Where do I start...wow... so many problems here.

we changed things that we could, (my neediness restricted her socially, so I learned to trust her and not begrudge her time with her friends, she tries her best to be tidy and prudent with her cash flow and to meet my emotional needs in a healthy, non-dysfunction-enabling way)

and then...

Unfortunately, she still misses the occasional payment due to her habit of spending most of her extra money rather than save it, and I have to bail her out. I texted her around midnight, when I was expecting her to come home...I fought the urge to be my old needy self and text her friend to ask my SO to call me, but as the minutes turned into an hour, I became increasingly nervous.

From this description, nothing has changed. Your neediness is still restricting her socially, you do not trust her, you are dependent on your SO in an obsessive, unhealthy way, and unfortunately for you she is not responsible for your extreme emotional needs. Thinking to contact an SO's friend immediately after you are not able to get ahold of your SO is not healthy, it is controlling and disrespects your SO's boundaries. SO chose to relocate to a friends house, as well as turn her phone off, or not re change it. Yet you would still think it ok to contact said friend and ask SO to call you? Because what you need to know that moment is more important than her time with a friend, also her choice not to speak to you in those moments? What about general unavailability? Phones die. Its part of life. It is alarming that this is a common enough behavior to mention, as well as the fact that it is still an active urge.

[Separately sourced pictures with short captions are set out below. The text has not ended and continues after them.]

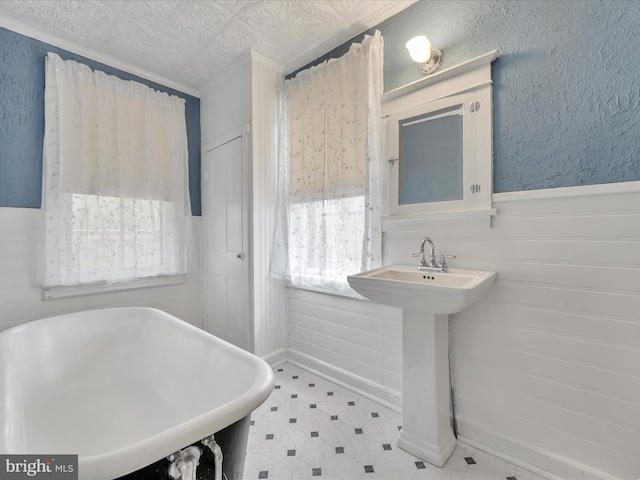 215 Biddle St, Gordon, PA 17936 - bathroom featuring tile patterned floors, a wainscoted wall, a freestanding tub, and a sink
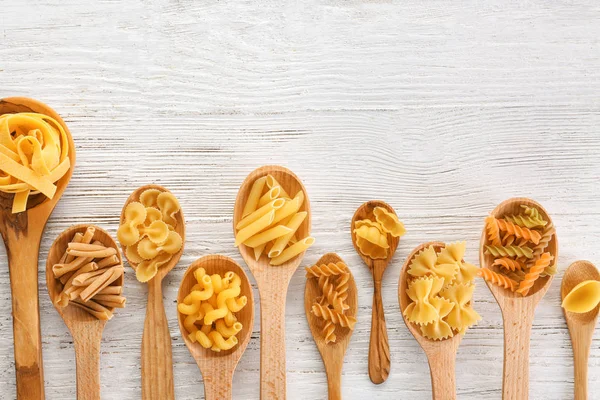 Wooden spoons with uncooked pasta on light background — Stock Photo, Image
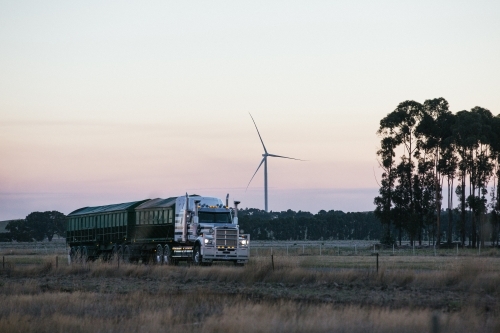 Wind turbine in the countryside on dusk with Semi Trailer transport foreground details - Australian Stock Image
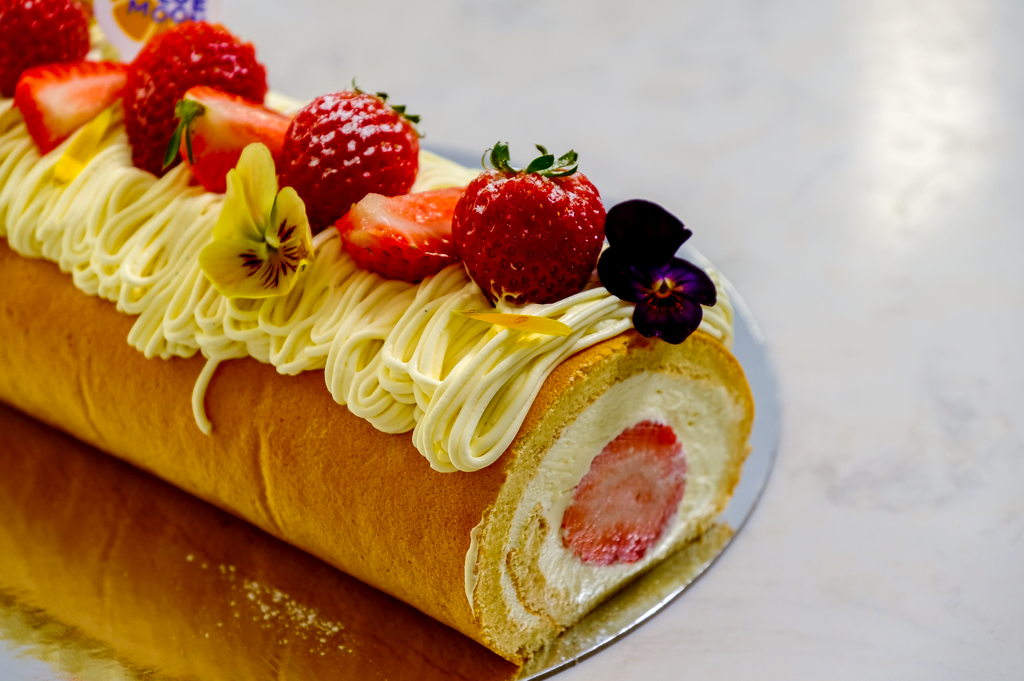 Strawberry cake roll with cream and fresh strawberries on a white background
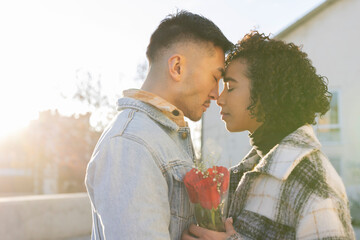 portrait of multiracial lovers with eyes closed and heads together with backlight at sunset and a...
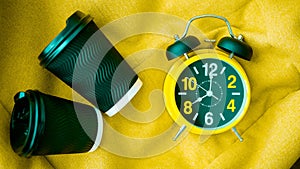 Retro clock with alarm clock top view,cappuccino in a plastic glass,wavy texture of the glass,close-up. photo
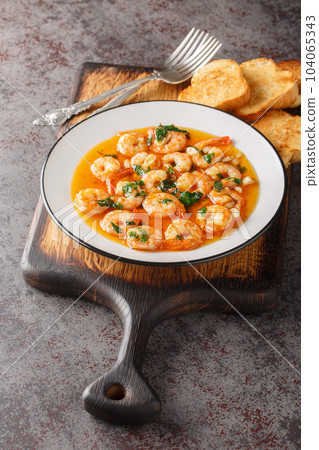 Spanish Garlic Shrimp Gambas al Ajillo closeup on the plate served with toasts. Vertical Spanish Garlic Shrimp Gambas al Ajillo closeup on the plate served with toasts. Vertical 104065343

Also the fact that SO left for a friends house and you were trying to see if she would still take you to works leads me to believe that we are missing important preceding details to this story.

Finally, at 2 AM, she called me. I was a wide awake, nervous wreck. I was initially very upset about her lateness.

Don't you have work in the morning? Why have you not gone to bed yet? Oh yea, because you considered your SO's text cryptic.

Do you wait up every night for you SO to get home??

Controlling, man. Not healthy, not cool, very codependent.

It seems like you feel the need to dictate the decision making processes in your SO's life because, in your opinion, her previous harmful decisions have sacrificed her right to make current decision about her finances, friends, how time is spent, etc. Where is the trust?

On top of that, you seem to belittle you SO constantly and think you are somehow mightier.

Examples:

I play bass and sing in a casual rock band once a week with occasional performances...but she does little in her spare time but hang out at home with me, watch TV, see friends occasionally and mess around with the odd craft project.

ok... so you hangout with her, watch TV, see friends occasionally as you said you have separate friend group, and mess around with the odd craft once a week (bass). You do the EXACT same things she does with her spare time, but Im willing to bet she doesn't keep track of you, contact your friends while you are out, talk down about your hobbies, micromanage your finances, or assess your behaviors based on family history. Why are your activities so much more positive and fulfilling than hers, although they essentially mirror each other?

I pointed out that she is always broke, even with me covering some expenses, so there was no way she would be able to keep the condo if we were to separate...My instinct told me her reasoning is ass-backwards...If she pushes me away, she'll only dig herself into another hole.

This is just being a bully and belittling your SO's intelligence. Your SO isn't broke or poor at managing money either from what I've read. Her good sized debt is paid off and she manages to pay an oversized mortgage each month, with the ability to pay you back for when she forgets. That seems like memory and lack of habit more than poor management. You said she pays the mortgage and fees, she has been paying for your living expenses, show some gratitude. Clearly she is not always broke. What is your definition of broke? I am very interested.

IDK dude, you sound like an asshole and I wouldn't want to date you. Your SO if probably taking the blame for everything so she doesn't have to listen to you insult her repeatedly while discussing your guys' future, probably figures its better to lay down before you berate her to the floor. LMAO also @ the end of the post reinforcing codependency with more "facts." Stop making excuses and show some appreciation for all she does. She pays your rent and your complaining she won't do dishes. Boo hoo.

More proof of being an asshole:

On the wrong end of the spectrum, we can choose to use generosity as an excuse for complacency and become spoiled, always expecting a handout. On the correct end of the spectrum, we can be inspired by generosity and use it as an opportunity to better ourselves and eventually, return or pay forward what we have been given.

Using "wrong" and "right", AKA "her side of things" and "my side of things" instead of one side of the spectrum and the other. Wrong and right leave no no room for any sort of rebuttal, it is just stated as fact. Your opinion is not fact.

Analyzing your SO so deeply to the point that you are deciding what she is going to do and how she is going to act based on information you know about her family, again declaring everything as fact

This post is so ridiculous to me. I would highly suggest therapy and some time to yourself outside of relationships.